───── Records for this task
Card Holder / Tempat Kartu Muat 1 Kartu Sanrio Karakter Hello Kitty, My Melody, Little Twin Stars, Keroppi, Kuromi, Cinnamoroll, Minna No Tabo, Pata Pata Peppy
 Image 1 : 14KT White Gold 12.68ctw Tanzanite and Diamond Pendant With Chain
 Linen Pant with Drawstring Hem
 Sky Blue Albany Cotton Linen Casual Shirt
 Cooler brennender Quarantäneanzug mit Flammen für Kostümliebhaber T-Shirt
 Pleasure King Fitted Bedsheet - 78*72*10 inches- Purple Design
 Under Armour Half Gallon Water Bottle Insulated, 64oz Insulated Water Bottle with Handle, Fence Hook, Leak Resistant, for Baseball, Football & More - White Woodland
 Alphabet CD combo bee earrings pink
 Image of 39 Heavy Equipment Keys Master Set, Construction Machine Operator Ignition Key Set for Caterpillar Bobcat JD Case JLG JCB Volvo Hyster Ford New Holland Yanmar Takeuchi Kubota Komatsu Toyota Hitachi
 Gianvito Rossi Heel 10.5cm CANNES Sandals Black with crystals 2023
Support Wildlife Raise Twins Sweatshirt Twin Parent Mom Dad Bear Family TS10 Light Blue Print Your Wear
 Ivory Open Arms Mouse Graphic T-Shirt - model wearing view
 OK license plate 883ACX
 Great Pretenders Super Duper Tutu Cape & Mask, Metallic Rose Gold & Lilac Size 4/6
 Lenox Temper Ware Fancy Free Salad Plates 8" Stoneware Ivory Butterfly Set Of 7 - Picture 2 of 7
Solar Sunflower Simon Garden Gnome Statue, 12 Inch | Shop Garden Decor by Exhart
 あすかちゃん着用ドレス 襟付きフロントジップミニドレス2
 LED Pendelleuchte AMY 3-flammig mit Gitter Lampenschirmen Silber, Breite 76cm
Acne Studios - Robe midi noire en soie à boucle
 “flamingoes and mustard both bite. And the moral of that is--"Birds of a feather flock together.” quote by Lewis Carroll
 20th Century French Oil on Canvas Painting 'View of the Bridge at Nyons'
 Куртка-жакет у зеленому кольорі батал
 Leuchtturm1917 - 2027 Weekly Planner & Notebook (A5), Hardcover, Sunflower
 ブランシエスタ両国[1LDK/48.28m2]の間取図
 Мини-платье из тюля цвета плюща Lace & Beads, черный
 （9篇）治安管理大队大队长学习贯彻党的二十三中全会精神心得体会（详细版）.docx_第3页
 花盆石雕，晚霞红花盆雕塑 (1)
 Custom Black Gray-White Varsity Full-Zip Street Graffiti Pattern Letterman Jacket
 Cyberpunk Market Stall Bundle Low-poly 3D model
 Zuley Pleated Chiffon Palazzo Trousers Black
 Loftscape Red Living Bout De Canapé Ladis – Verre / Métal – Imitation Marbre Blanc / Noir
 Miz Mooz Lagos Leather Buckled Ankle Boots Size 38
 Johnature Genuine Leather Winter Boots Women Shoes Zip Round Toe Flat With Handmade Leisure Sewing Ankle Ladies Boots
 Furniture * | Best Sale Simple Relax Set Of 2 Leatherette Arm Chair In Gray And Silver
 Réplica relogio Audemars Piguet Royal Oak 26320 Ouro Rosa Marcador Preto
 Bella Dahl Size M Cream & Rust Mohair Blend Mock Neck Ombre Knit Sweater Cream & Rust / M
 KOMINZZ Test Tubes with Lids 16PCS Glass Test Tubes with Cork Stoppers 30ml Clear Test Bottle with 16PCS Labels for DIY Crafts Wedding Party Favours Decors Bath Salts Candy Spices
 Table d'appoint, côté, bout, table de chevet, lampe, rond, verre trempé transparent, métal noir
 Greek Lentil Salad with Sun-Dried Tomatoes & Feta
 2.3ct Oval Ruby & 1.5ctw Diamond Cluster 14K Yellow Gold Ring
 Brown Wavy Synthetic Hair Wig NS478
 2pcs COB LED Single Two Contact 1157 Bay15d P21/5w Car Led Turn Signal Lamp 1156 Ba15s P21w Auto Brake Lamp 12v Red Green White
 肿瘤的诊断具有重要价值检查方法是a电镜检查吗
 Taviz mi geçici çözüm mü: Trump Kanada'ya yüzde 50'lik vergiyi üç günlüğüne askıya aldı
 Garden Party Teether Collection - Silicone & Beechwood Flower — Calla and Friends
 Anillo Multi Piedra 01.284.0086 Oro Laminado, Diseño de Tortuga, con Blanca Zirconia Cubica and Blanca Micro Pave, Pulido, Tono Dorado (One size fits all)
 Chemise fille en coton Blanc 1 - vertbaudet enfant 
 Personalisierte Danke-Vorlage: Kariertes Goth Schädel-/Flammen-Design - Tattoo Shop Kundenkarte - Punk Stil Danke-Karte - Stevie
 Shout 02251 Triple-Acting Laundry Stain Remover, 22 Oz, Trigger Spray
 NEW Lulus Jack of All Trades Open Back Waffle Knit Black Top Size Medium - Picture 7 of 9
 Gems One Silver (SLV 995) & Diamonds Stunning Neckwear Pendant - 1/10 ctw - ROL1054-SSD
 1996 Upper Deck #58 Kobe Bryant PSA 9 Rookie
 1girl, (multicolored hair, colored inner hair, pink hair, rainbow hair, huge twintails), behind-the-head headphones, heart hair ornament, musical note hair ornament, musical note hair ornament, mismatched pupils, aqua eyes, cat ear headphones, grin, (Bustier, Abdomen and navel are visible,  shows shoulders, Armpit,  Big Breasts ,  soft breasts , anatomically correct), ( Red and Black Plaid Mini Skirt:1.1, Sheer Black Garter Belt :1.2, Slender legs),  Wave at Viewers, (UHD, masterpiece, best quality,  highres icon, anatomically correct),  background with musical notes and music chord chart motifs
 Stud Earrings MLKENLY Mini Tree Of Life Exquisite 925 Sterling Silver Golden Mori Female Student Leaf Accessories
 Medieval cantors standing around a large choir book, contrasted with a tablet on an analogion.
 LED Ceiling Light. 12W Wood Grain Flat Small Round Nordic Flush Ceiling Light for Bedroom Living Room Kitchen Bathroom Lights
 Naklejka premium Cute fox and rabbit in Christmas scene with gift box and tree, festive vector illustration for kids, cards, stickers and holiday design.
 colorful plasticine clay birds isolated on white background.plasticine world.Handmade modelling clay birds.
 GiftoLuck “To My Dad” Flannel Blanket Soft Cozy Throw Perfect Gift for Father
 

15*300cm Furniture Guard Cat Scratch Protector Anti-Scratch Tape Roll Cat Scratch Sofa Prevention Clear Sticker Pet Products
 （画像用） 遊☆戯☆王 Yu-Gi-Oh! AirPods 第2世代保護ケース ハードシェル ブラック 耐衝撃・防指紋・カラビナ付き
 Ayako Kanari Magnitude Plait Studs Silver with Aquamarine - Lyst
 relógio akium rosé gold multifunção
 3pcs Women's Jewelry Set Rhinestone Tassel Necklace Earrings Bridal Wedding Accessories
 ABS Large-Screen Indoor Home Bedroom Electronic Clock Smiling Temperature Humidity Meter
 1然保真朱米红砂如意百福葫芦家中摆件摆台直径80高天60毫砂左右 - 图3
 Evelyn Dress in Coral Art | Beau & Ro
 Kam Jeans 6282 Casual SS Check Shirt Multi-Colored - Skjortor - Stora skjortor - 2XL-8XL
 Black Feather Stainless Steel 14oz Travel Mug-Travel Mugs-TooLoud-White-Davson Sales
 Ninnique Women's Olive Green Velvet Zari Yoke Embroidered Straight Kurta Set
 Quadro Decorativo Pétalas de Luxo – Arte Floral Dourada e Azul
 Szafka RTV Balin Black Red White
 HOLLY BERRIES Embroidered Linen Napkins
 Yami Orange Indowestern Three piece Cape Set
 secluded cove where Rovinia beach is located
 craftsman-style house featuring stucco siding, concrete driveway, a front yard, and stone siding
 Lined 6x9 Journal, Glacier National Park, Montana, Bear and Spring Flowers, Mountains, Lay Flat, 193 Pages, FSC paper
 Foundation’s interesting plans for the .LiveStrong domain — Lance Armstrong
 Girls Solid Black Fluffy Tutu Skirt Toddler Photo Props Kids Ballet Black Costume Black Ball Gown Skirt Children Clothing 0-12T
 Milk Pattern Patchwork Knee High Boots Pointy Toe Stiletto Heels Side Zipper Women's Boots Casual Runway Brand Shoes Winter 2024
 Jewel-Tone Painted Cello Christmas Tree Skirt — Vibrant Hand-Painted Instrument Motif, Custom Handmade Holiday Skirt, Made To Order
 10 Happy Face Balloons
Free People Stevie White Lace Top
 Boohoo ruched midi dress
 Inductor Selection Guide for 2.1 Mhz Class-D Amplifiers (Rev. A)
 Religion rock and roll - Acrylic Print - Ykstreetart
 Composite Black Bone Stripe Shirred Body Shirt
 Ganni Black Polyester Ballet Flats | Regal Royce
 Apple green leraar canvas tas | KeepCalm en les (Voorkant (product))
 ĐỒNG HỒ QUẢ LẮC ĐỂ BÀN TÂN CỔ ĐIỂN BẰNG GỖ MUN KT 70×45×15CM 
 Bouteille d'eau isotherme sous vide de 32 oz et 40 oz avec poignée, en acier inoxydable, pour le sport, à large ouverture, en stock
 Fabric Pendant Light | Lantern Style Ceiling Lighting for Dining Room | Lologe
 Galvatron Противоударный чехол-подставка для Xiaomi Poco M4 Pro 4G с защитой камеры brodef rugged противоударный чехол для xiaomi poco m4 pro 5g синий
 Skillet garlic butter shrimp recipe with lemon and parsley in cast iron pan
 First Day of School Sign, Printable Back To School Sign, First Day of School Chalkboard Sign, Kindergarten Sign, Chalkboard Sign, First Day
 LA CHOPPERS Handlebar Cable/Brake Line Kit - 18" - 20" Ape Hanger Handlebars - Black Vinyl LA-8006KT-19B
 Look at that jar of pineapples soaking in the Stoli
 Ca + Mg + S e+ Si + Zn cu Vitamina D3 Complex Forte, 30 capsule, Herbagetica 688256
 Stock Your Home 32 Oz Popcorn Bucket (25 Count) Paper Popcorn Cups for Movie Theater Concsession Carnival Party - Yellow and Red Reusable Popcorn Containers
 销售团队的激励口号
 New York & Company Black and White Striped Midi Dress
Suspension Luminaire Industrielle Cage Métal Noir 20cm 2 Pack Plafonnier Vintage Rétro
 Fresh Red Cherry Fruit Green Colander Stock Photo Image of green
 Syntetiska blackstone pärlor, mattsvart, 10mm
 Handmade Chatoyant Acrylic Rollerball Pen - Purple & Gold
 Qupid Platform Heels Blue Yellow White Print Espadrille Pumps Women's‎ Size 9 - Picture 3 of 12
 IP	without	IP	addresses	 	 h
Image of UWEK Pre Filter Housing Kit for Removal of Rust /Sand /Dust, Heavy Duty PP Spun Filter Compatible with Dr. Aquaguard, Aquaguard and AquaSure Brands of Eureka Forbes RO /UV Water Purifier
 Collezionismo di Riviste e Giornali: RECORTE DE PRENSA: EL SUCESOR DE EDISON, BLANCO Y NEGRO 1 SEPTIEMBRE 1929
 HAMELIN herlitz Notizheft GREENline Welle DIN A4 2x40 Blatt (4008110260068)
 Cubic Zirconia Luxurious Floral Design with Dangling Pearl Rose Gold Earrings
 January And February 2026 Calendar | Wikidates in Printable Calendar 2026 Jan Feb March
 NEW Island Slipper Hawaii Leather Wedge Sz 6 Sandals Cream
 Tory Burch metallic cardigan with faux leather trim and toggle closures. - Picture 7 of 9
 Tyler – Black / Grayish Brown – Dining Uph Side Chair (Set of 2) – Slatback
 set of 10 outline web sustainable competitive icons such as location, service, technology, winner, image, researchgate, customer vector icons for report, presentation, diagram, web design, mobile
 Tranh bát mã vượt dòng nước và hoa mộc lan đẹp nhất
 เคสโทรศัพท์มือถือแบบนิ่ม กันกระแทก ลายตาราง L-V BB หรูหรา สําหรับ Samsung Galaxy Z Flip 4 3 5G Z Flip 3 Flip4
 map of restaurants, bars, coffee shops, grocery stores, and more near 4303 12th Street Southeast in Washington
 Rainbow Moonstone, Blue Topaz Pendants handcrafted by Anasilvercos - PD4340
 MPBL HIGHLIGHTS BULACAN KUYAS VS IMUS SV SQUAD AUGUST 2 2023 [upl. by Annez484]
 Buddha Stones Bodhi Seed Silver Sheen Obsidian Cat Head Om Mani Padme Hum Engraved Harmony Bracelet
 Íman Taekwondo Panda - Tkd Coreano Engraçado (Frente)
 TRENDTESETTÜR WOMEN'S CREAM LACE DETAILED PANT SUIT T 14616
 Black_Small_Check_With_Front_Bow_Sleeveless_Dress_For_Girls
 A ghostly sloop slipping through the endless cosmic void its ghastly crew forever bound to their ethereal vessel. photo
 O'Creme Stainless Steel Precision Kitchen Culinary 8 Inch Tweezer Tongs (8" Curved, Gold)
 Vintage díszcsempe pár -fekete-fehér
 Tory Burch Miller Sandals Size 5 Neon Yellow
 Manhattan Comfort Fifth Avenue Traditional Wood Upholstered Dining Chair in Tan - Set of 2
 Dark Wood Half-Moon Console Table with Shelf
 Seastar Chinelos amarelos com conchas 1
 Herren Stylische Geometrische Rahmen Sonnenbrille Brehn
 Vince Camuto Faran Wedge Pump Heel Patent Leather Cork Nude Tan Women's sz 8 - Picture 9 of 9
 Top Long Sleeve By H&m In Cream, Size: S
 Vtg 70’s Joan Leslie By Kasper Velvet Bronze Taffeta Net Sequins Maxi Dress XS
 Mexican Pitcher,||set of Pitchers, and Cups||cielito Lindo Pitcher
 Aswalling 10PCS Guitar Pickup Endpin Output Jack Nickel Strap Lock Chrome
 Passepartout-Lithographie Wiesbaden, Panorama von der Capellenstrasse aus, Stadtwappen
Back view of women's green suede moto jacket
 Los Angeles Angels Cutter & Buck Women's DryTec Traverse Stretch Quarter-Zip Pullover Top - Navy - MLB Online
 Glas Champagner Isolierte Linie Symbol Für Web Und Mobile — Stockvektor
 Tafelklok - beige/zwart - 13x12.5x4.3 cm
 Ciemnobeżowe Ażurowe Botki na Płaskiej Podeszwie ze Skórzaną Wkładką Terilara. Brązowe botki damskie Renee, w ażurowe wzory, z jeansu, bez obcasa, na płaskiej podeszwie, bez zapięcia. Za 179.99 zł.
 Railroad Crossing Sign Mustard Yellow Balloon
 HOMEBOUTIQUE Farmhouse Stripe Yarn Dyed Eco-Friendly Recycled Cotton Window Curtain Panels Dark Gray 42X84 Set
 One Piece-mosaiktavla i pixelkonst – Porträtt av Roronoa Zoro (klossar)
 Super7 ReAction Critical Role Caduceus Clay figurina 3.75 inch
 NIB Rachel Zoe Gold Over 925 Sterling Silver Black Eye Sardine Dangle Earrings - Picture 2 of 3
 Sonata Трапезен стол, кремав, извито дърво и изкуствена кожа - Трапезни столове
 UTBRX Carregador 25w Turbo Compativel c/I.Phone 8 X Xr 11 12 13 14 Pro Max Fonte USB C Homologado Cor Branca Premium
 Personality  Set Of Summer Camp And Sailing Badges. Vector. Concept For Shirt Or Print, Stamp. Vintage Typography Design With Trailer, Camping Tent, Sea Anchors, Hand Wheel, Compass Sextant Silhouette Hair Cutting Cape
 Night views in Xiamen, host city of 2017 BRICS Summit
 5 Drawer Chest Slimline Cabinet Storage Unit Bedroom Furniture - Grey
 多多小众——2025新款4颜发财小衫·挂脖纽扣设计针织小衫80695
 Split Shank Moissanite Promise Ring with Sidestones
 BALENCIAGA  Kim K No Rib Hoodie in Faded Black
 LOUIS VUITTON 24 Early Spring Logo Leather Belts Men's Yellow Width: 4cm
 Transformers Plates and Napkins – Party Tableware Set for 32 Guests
──────────
### What needs to be done
Copy out each line of the entries where the word "Yellow" is found.

### Answer to this problem
 2.3ct Oval Ruby & 1.5ctw Diamond Cluster 14K Yellow Gold Ring
 Stock Your Home 32 Oz Popcorn Bucket (25 Count) Paper Popcorn Cups for Movie Theater Concsession Carnival Party - Yellow and Red Reusable Popcorn Containers
 Qupid Platform Heels Blue Yellow White Print Espadrille Pumps Women's‎ Size 9 - Picture 3 of 12
 Tory Burch Miller Sandals Size 5 Neon Yellow
 Railroad Crossing Sign Mustard Yellow Balloon
 LOUIS VUITTON 24 Early Spring Logo Leather Belts Men's Yellow Width: 4cm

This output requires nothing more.